Samarinda, infosatu.co – Program Sekolah Rakyat (SR) yang digulirkan pemerintah pusat mendapat tanggapan kritis dari Anggota Komisi IV DPRD Kota Samarinda Kalimantan Timur (Kaltim) Anhar.
Ia menilai pendekatan program tersebut tidak sejalan dengan prinsip keadilan sosial dalam pendidikan.
Menurut Anhar, penunjukan suatu wilayah sebagai lokasi Sekolah Rakyat seolah menegaskan bahwa daerah tersebut masih terjebak dalam lingkaran kemiskinan ekstrem.
“Ini bukan sesuatu yang bisa dibanggakan. Justru menjadi indikator bahwa ketimpangan sosial di daerah tersebut belum tertangani secara menyeluruh,” ujarnya.

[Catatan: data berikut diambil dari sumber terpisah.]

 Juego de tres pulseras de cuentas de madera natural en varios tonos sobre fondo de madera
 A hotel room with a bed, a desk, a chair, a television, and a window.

Ia mengkritik strategi pemerintah yang secara terang-terangan memusatkan program tersebut hanya kepada warga miskin.
Bagi Anhar, pendekatan itu justru melanggengkan sekat-sekat sosial dan memberi label yang dapat mempermalukan kelompok tertentu.
“Konsep pendidikan harusnya membaurkan seluruh elemen masyarakat, bukan memisahkan berdasarkan kemampuan ekonomi,” tegas politisi PDI Perjuangan itu.

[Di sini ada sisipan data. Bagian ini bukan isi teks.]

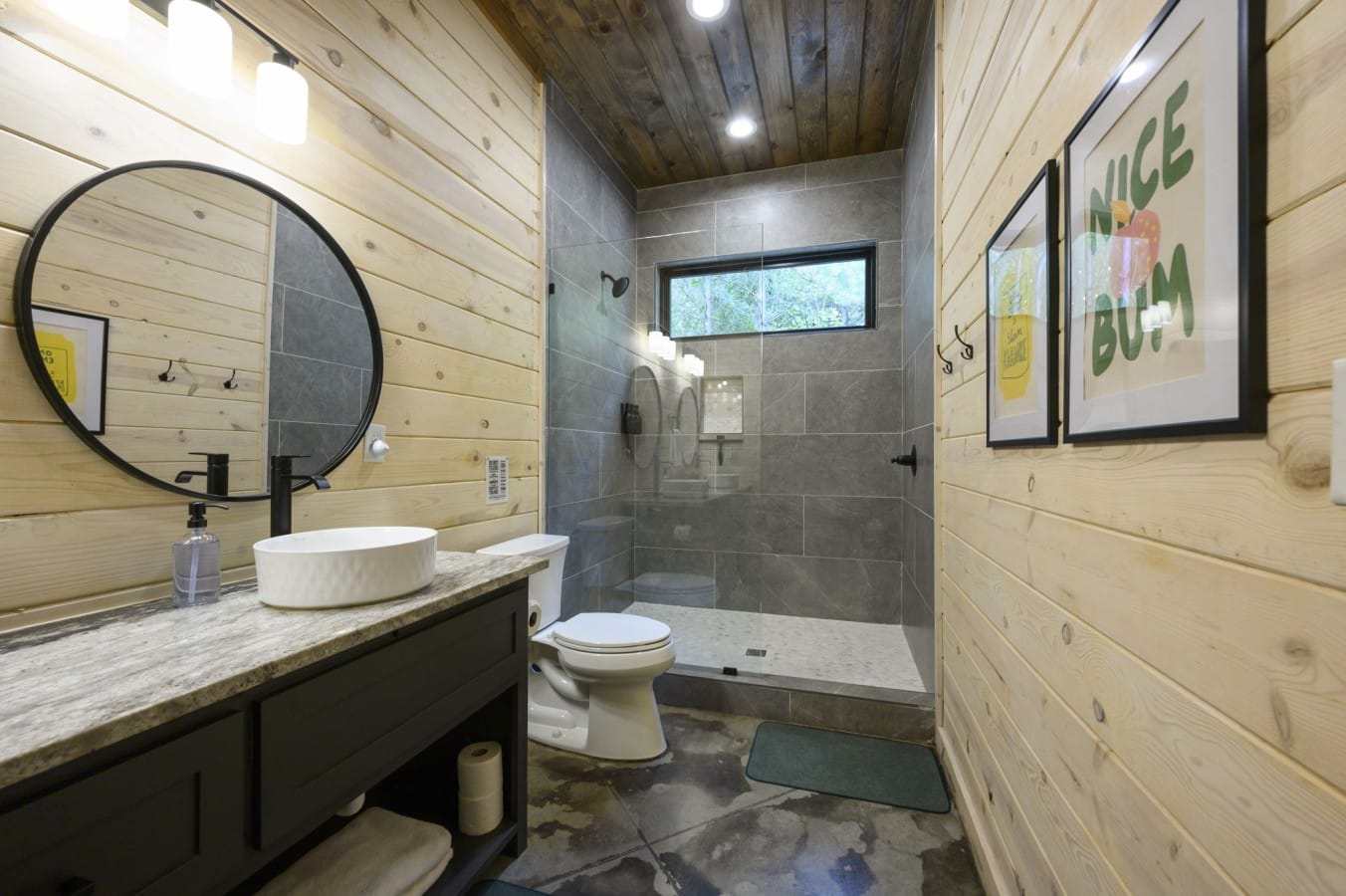 Freshen up in a charming shiplap bath that keeps things cozy and lighthearted.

Lebih jauh, Anhar menilai jika tujuan utama program ini adalah memperluas akses pendidikan, maka pendekatannya harus lebih universal dan bebas diskriminasi.
Ia mencontohkan program pendidikan gratis yang digagas Pemprov Kaltim sebagai model yang lebih layak dicontoh.
“Program seperti Gratispol justru memberikan akses tanpa syarat status ekonomi. Semua berhak mendapatkan layanan pendidikan yang sama,” katanya.
Tak hanya soal pendekatan, Anhar juga menyoalkan efektivitas penggunaan anggaran negara dalam pembangunan sekolah baru untuk kelompok tertentu.
Ia berpendapat, daripada membangun sekolah dengan target terbatas, akan lebih efisien jika anggaran dialihkan ke dalam bentuk beasiswa langsung.
“Dana besar lebih baik diarahkan untuk bantuan tunai kepada siswa. Selain transparan, bantuan seperti ini juga lebih mudah diawasi dan langsung terasa manfaatnya,” ujarnya.
Ia mengingatkan, proyek fisik seperti pembangunan sekolah kerap menjadi celah penyelewengan anggaran.
Sebaliknya, bantuan beasiswa memiliki nominal yang pasti dan risiko korupsinya lebih kecil.
Anhar juga mengkritik penggunaan narasi ”bantuan pemerintah pusat” dalam peluncuran program tersebut.
Baginya, hal itu justru menjadi cermin bahwa pemerataan pendidikan di daerah masih jauh dari kata tuntas.
“Daripada jadi alat pencitraan, program seperti ini seharusnya menjadi evaluasi serius pemerintah pusat. Masih banyak daerah yang belum mendapatkan layanan pendidikan dasar yang layak,” terangnya.
Menutup pernyataannya, Anhar menyerukan agar kebijakan pendidikan di Indonesia tidak eksklusif bagi kelompok tertentu. Pendidikan tidak boleh menjadi ruang untuk mempertegas perbedaan sosial.
“Seluruh anak bangsa, tanpa memandang latar belakang ekonomi, punya hak yang sama untuk mengakses pendidikan yang bermutu,” pungkasnya.